Choisir des feutres acryliques selon le support, c’est éviter deux déceptions très différentes : un trait qui peluche sur papier ou une couleur qui s’écaille sur verre. On lit partout qu’ils vont « sur tout », mais le vrai tri se fait entre surface poreuse, surface lisse et surface souple. La bonne pointe, l’opacité de l’encre et la préparation du support changent plus le résultat que la marque seule.
À retenir :
- Le meilleur choix global reste un marqueur acrylique polyvalent à pointes variées, comme Posca ou Molotow One4All, parce qu’il couvre bien sur papier, bois, toile, pierre et objets décoratifs.
- Pour un petit budget ou un usage occasionnel, comptez entre 20 et 35 € le coffret d’entrée de gamme à pointe fine ; pour une pratique régulière, les gammes rechargeables montent plutôt entre 4 et 7 € le feutre à l’unité.
- Sur papier et carton, choisissez une pointe fine ou pinceau douce et un support d’au moins 300 g/m² si vous superposez les couches ; en dessous, le papier gondole et accroche la pointe.
- Sur verre, plastique ou céramique, il faut dégraisser avant de dessiner et protéger après séchage avec un vernis, ou une cuisson si le produit le permet sur céramique, sinon la couleur raye facilement.

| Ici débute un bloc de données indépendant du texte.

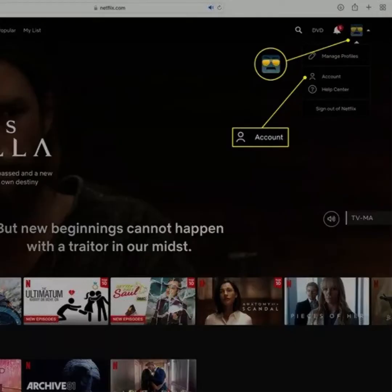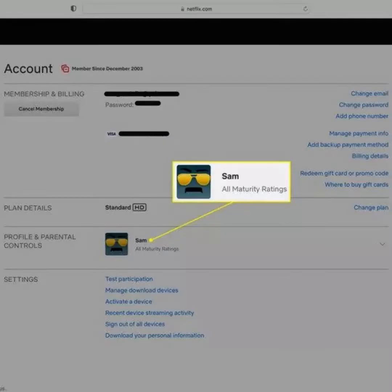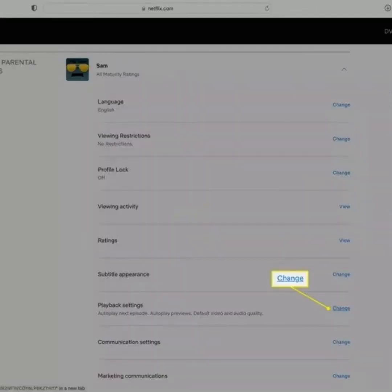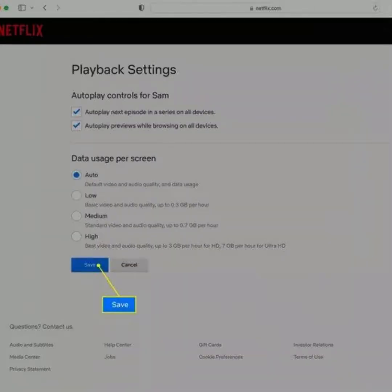After you have signed in on Netflix, click the profile icon in the top right corner. Select Account. Click the profile whose video quality settings you want to change. Now click the Change button next to Playback Settings. Click the button next to the video quality you want to use on all of your devices and click Save.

- Pour le textile, une pointe moyenne ou pinceau souple fonctionne mieux, puis la fixation au fer sans vapeur, sur l’envers quand c’est possible, rend le motif bien plus durable au lavage.
Comment choisir ?
Commencez par le support, pas par la marque. Sur une surface poreuse, papier, carton, bois brut, toile, pierre, la peinture accroche naturellement. Sur une surface lisse, verre, plastique, métal verni, céramique émaillée, la question n’est plus seulement la couvrance, mais la tenue après séchage. Et sur un support souple comme le tissu, c’est la flexibilité du trait qui compte.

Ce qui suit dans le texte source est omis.